Other micros are grounded more in dramatic or lyric expression than in the unfolding of narrative. Roberta Allen’s stories, for example, are delights of the imagination. In “The Fly,” the narrator reflects on the meaning of her lover’s extracting a fly from her ear, leading to a question about the meaning of meaning itself. And in “The Beheading,” her narrator contemplates the beheading of a companion, possibly by his wife, who, as a nurse, “probably knows the cleanest, most efficient way of beheading him, though that’s probably not something they teach in nursing school.” “The Old Days” by Lynn Mundell draws the reader in with a provocative voice — “In the old days, there was no Human Resources. You worked or you were canned” — that sums up the story of a life that went “downhill pretty quick” and concluded in sorrow and longing. Yet other stories, such as “AM:103” by Amelia Gray, “Furnace” by Kevin Griffith, and “Long-Term Memory” by James Tate, bring the reader into strange worlds where a character’s youth can be returned to her in a box, or where a character might learn that a statue has been erected of him to commemorate deeds he has no recollection of accomplishing.

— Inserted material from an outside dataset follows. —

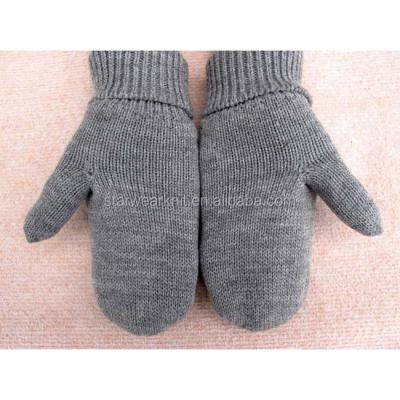 China Wholesale Jacquard Winter Pure Color Gloves Warm Gray Knitted Mittens for Girls and Boys for sale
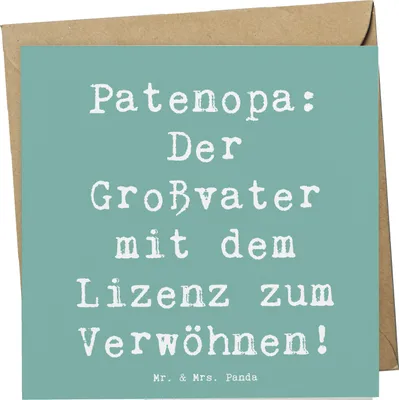 Produktbild von Mr. & Mrs. Panda Grußkarte Spruch Patenopa Verwöhnung - Meeresbrise - Geschenk, besondere Bindung, Großvater, anlasskarte, Taufpate, Freude, Glückwunschkarte, Patenschaft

Contributing to the surprises of the micros is their sequence, which is neither chronological nor alphabetical by the authors’ names; the micros are arranged to be read one after another, each new tale subtly resonating in theme or setting with the one that came before it. What’s unclear, though, is the principle according to which stories were included. As the title suggests, the majority of the micros in the anthology are in fact quite new, first published within the last decade or so, but sprinkled among the newer micros are stories that are decades old, including “Women When They Put Their Clothes on in the Morning” by Richard Brautigan, from 1971. Given the inclusion of these stories dated from before or around the time that Stern’s Micro Fiction was published, this newer anthology isn’t entirely a follow-up of the older one.
What’s particularly disappointing is that the editors did not include more work by nonwhite writers. Given the list of the authors’ books at the back of the anthology, the editors clearly imagine that readers will go on to seek other work by those writers whose micros they especially liked. Why include old stories by Brautigan, then, or Joyce Carol Oates? Why not make space instead for newer work by Rahawa Haile, Sejal Shah, Megan Giddings, and others? Giddings’s frustration with the whiteness of the flash fiction community, in fact, has spurred her to create an anthology of flash fiction and craft essays featuring writers of color exclusively; the need for such a project emphasizes that New Micro represents a missed opportunity to expand readership to an even more diverse population of writers. The 140 micros in the anthology are a pleasure to read — funny, provoking, and sad. What additional varieties of pleasurable and provoking reading could have been included as well?